Greater transparency is needed
First, Beijing should exercise greater transparency in the financial system. Several voices were raised at the March meeting of the China Development Forum about the need for China to improve communication with the rest of the world. This is key. The failure to explain official intentions behind changes in exchange rate policy has created uncertainty and anxiety among investors and fostered speculation about a potential currency war.
Contrast this with the U.S. Federal Reserve and its December interest rate increase, which did not surprise markets. The Fed explained its rationale for the move openly and in detail, setting expectations and supporting predictability about the future.
In order to make sound decisions, investors need a better understanding of the roles, responsibilities, and authorities of Chinese regulatory institutions. These institutions should have common policy objectives and convey consistent and clear messages. It’s especially important for the PBOC, China’s securities regulator and the Commerce Ministry to show investors that they are on the same page about what these goals are and how they are working to achieve them.
More transparency in corporate governance and financial reporting is also needed, especially among state-owned enterprises. A good way to boost transparency is to liberalize the capital account for institutional investors from the U.S. and other consolidated market economies, which would reduce opacity and raise reporting standards.
Second, China should achieve greater neutrality and independence of its regulatory policies and institutions, especially the PBOC. China’s central bank has certainly enhanced disclosure in some areas by issuing regular reports and even taking to social media. But it still needs to have its decisions approved by a number of other government institutions. Research has shown that independent central banks are more likely to make hard but necessary decisions about monetary policy and to sustain them over time.
Third, market interventions should be avoided. Since last summer, the securities regulator has taken action to support share prices and organized sizeable stock purchases to prop up the market. But this sort of intervention only contributes to existing imbalances and seldom works – as we saw when China abandoned circuit breakers earlier this year that had temporarily halted trading.

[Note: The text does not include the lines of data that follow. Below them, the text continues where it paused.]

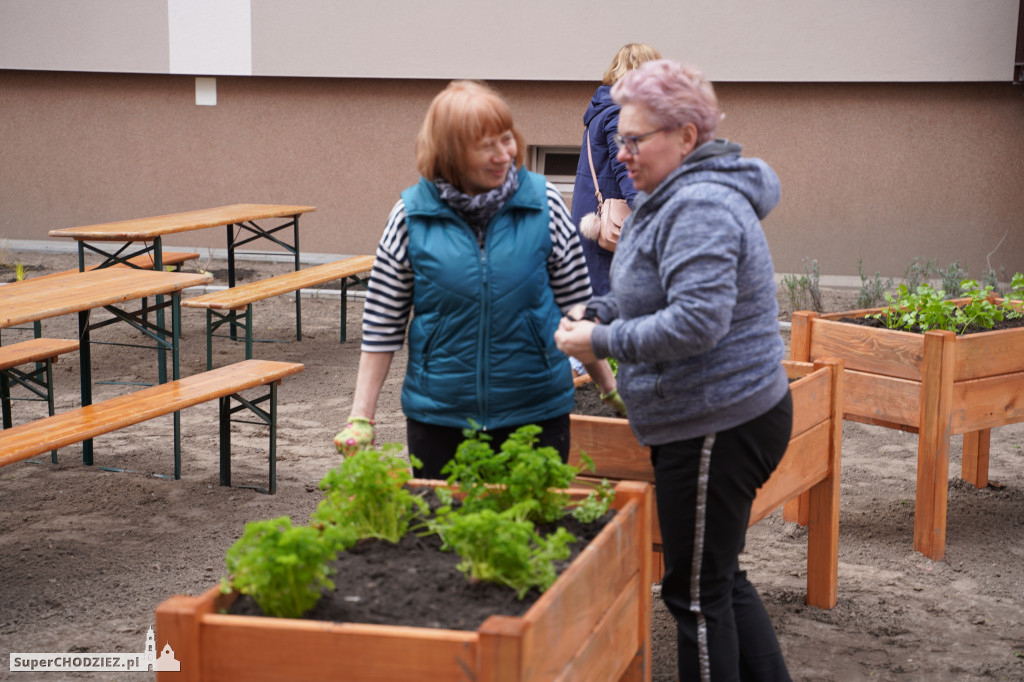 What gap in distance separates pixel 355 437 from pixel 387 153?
944cm

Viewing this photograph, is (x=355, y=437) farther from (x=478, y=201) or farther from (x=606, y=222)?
(x=606, y=222)

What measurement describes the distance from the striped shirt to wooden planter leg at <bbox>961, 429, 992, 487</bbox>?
3210 mm

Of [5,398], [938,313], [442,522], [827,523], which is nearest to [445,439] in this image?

Finally, investors and properly functioning capital markets should be allowed to pick winners and losers on their own. Chinese securities regulator and other government agencies should not pressure investors to stop selling shares or buy renminbi.
In the U.S. and other established market economies, securities regulators are not there to halt new listings, convince companies and brokerages to purchase shares, or stop certain types of short selling. Beijing should look to these economies to better understand the markets and how to meet their expectations.
China would benefit significantly from taking these steps. They would help gain the trust of international investors and contribute to stabilizing the domestic economy. And they would underline China’s new responsibility as a leader in global capital markets.